> [Work to complete]: Look below for the line with "Kullanılan plastik şişe". Retype it and every line after it to the end, exactly, but leave out the pictures.

Dataset entries:
▬▬▬▬▬▬

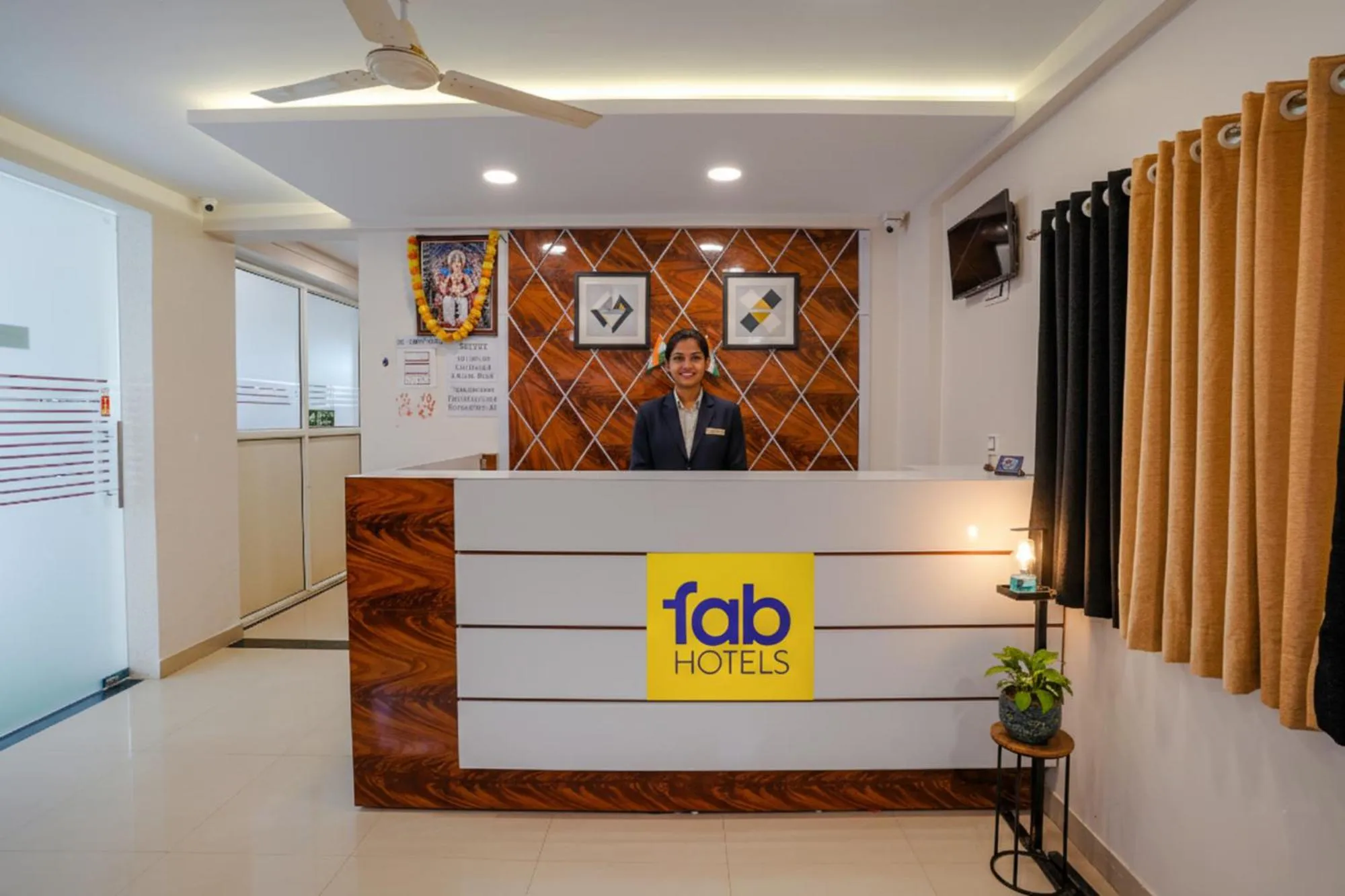 Lobby or reception in Via Royal Inn NS - Taluka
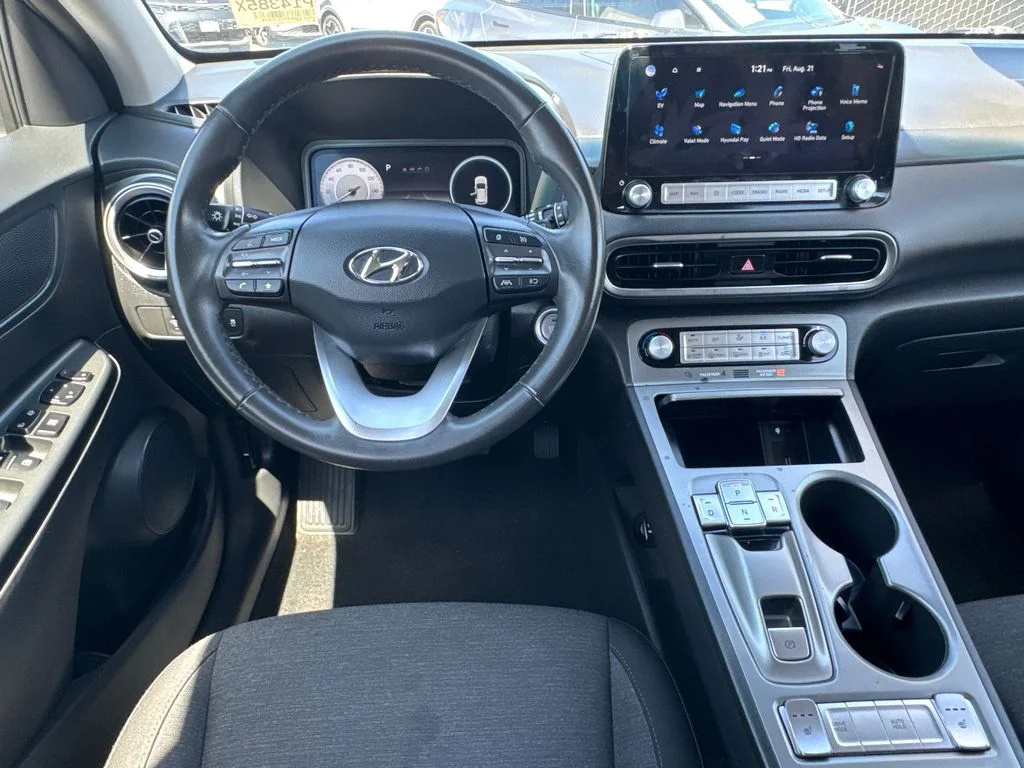 Used 2023 White Hyundai SEL image 21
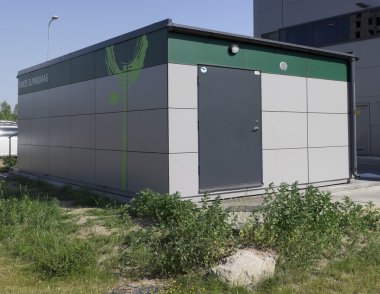 Kullanılan plastik şişe satın kadar Modern yeşil nokta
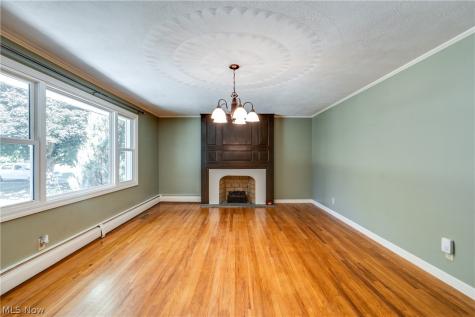 4710 Brunnerdale Avenue NW Canton OH 44718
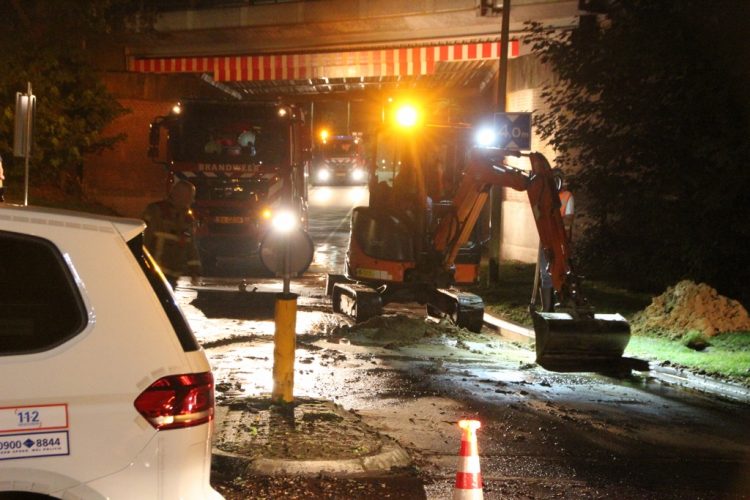 Waterleiding knapt, Holten zonder water politie brandweer 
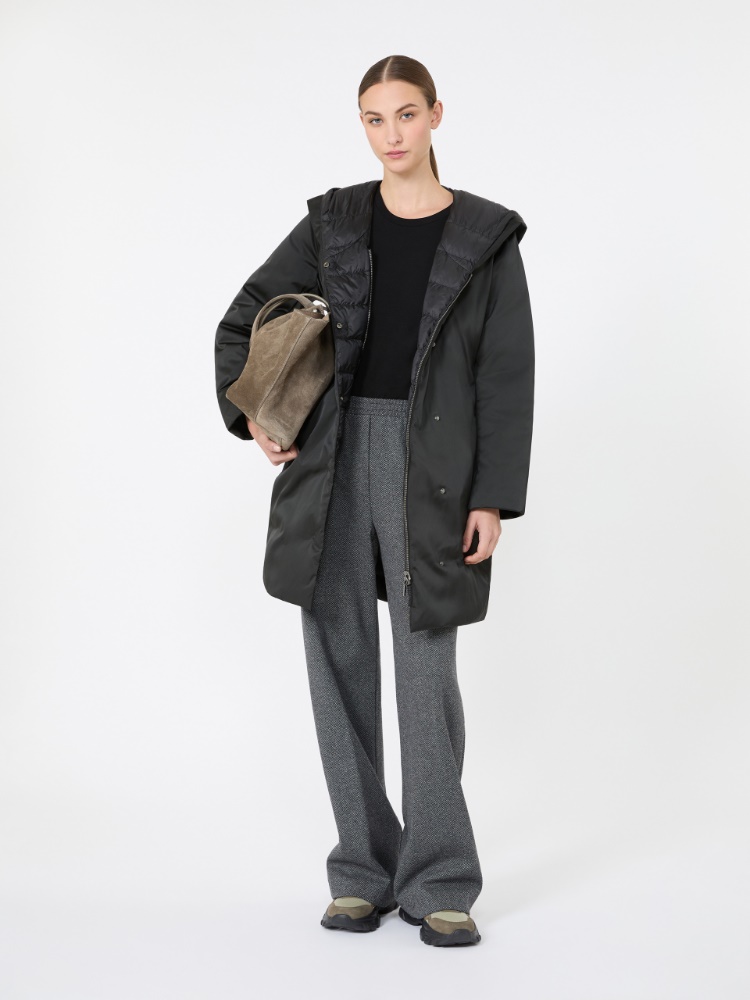 Reversible down jacket in water-repellent taffeta - Weekend Max Mara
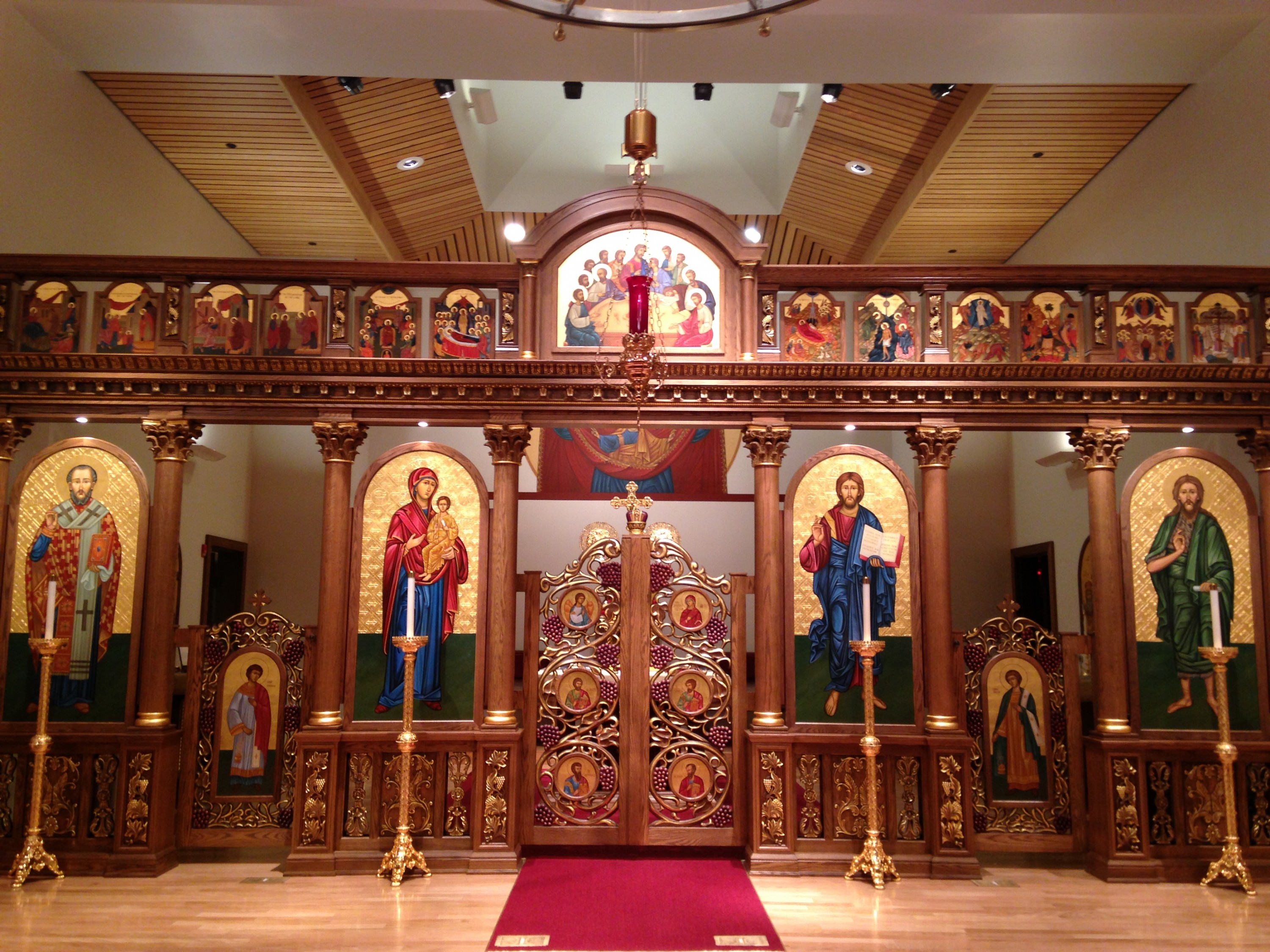 Interior of Epiphany of Our Lord, Annandale, VA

▬▬▬▬▬▬

> [Your response]:
 Kullanılan plastik şişe satın kadar Modern yeşil nokta
 4710 Brunnerdale Avenue NW Canton OH 44718
 Waterleiding knapt, Holten zonder water politie brandweer 
 Reversible down jacket in water-repellent taffeta - Weekend Max Mara
 Interior of Epiphany of Our Lord, Annandale, VA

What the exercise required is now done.